◆ DIRECTIONS: In the entries that follow, find the line containing "Minnesota Vikings head" and the line containing "Purificador de ar", then copy exactly everything from the first through the second except the pictures.

◆ RECORDS FOR PROCESSING:
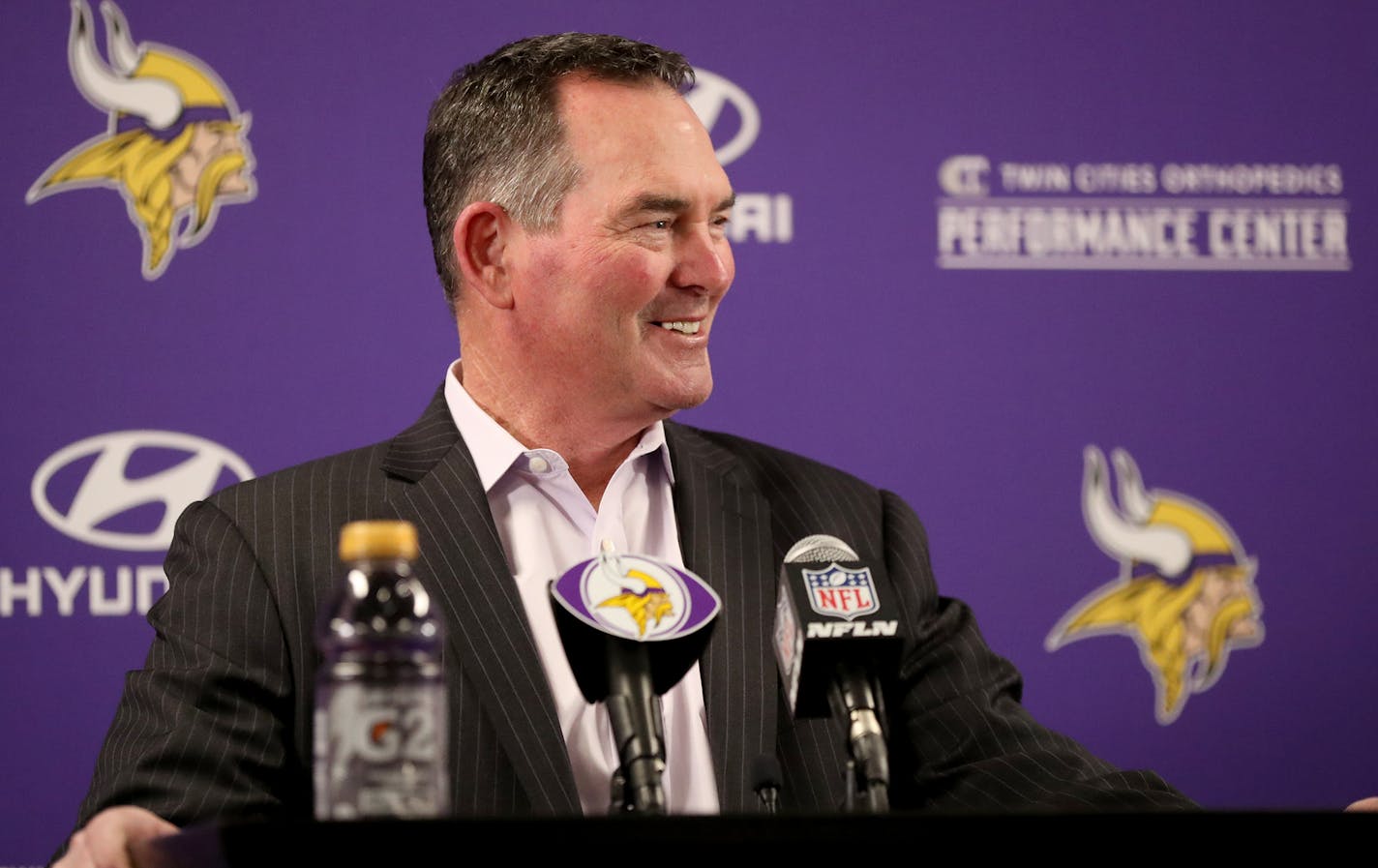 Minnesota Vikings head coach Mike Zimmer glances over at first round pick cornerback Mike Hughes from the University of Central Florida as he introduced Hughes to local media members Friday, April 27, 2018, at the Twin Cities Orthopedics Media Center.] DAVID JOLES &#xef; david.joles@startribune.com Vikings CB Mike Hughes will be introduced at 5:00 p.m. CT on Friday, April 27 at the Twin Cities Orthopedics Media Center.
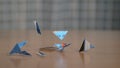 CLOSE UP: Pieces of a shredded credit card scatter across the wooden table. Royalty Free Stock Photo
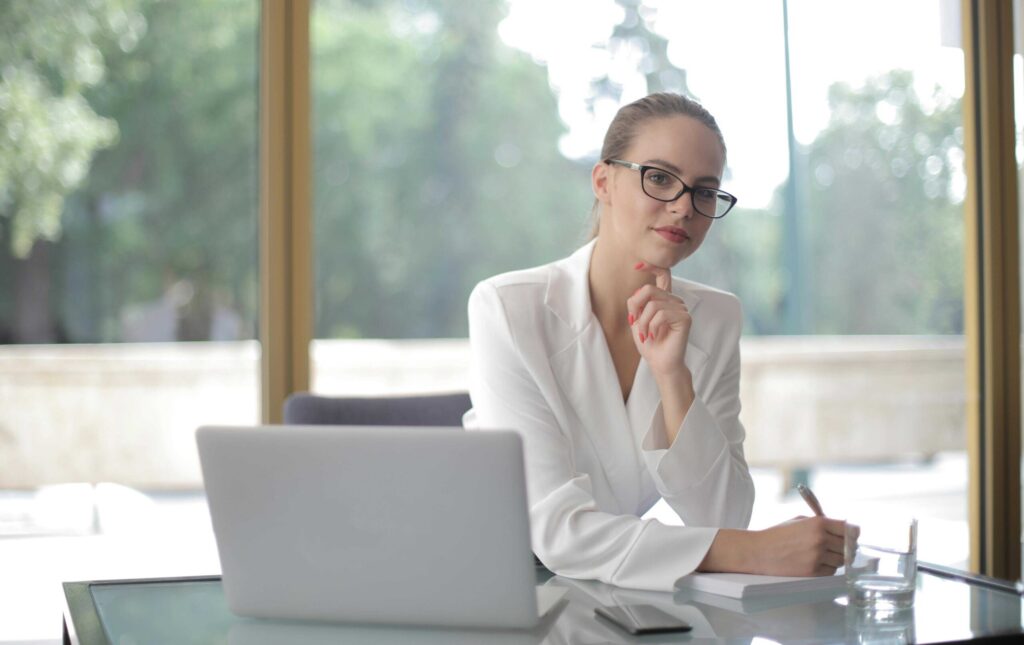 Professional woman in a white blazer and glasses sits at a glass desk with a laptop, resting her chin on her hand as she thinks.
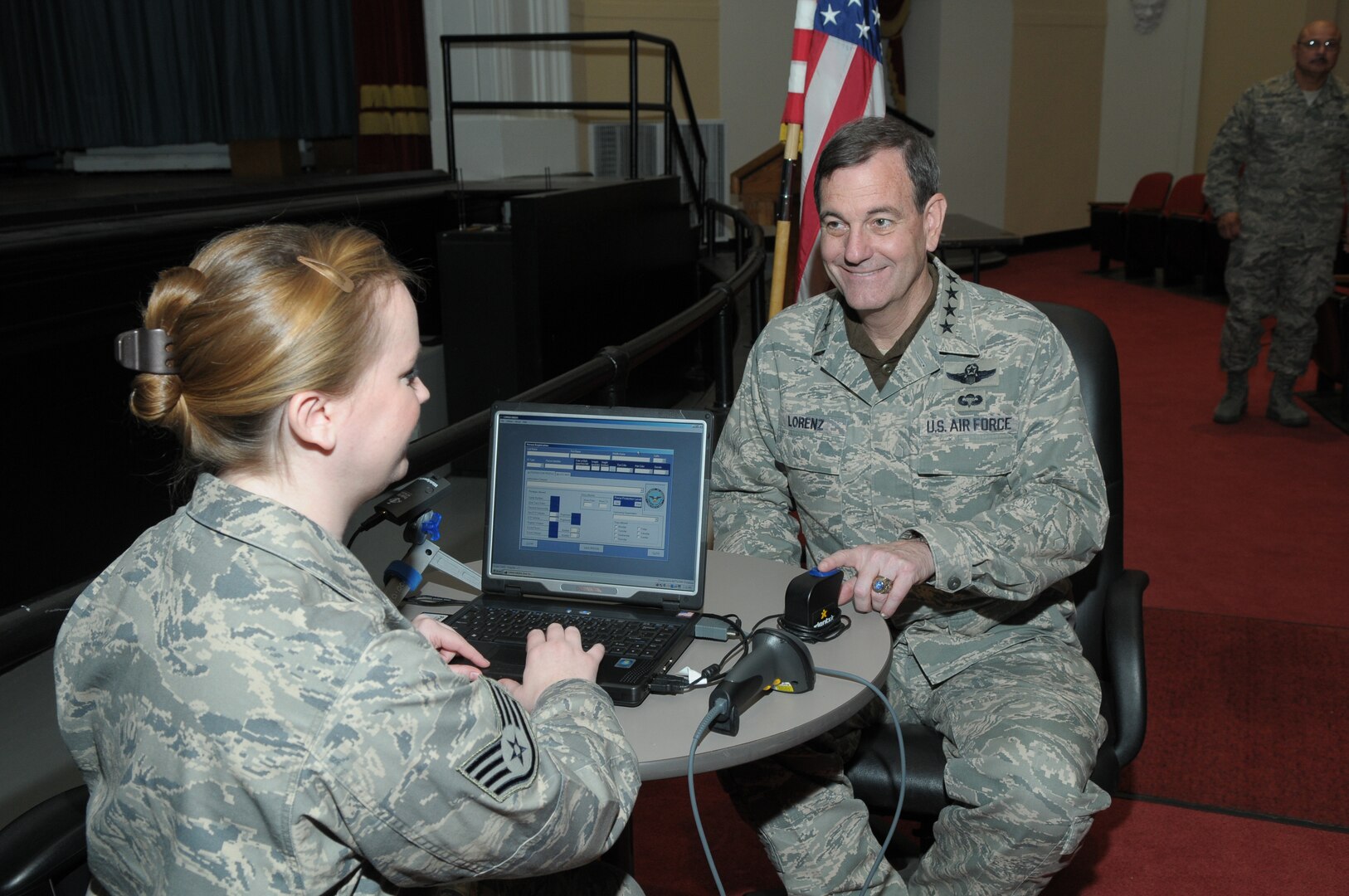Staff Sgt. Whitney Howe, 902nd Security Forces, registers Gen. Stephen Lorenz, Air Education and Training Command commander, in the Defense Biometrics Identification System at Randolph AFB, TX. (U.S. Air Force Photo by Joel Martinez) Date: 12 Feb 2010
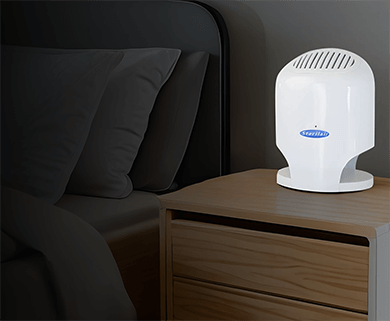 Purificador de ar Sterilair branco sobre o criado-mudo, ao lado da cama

* * *

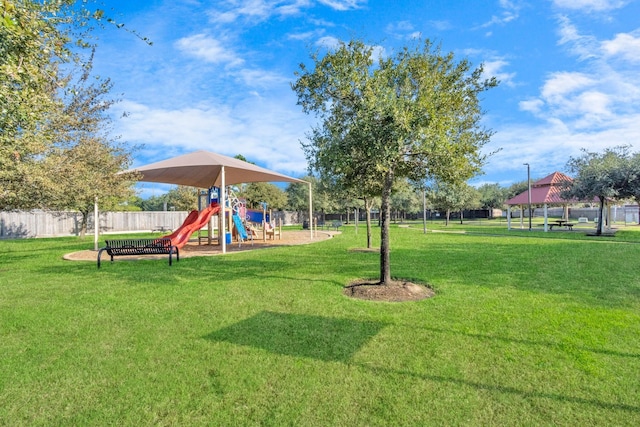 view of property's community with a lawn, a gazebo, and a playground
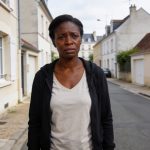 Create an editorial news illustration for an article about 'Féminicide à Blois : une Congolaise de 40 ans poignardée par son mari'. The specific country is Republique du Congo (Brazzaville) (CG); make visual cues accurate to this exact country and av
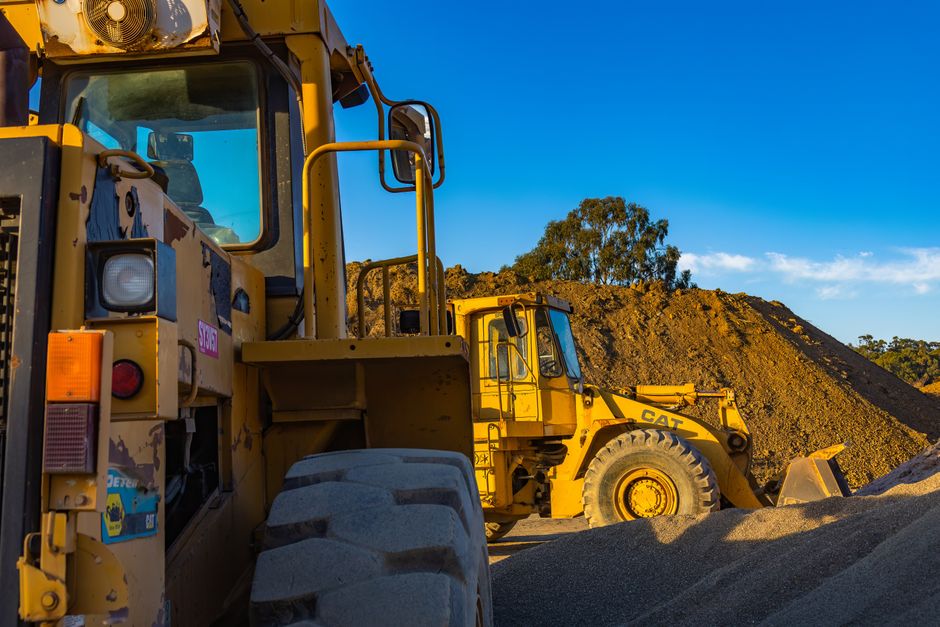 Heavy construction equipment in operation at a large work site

◆ RESPONSE AREA:
 Minnesota Vikings head coach Mike Zimmer glances over at first round pick cornerback Mike Hughes from the University of Central Florida as he introduced Hughes to local media members Friday, April 27, 2018, at the Twin Cities Orthopedics Media Center.] DAVID JOLES &#xef; david.joles@startribune.com Vikings CB Mike Hughes will be introduced at 5:00 p.m. CT on Friday, April 27 at the Twin Cities Orthopedics Media Center.
 CLOSE UP: Pieces of a shredded credit card scatter across the wooden table. Royalty Free Stock Photo
 Professional woman in a white blazer and glasses sits at a glass desk with a laptop, resting her chin on her hand as she thinks.
Staff Sgt. Whitney Howe, 902nd Security Forces, registers Gen. Stephen Lorenz, Air Education and Training Command commander, in the Defense Biometrics Identification System at Randolph AFB, TX. (U.S. Air Force Photo by Joel Martinez) Date: 12 Feb 2010
 Purificador de ar Sterilair branco sobre o criado-mudo, ao lado da cama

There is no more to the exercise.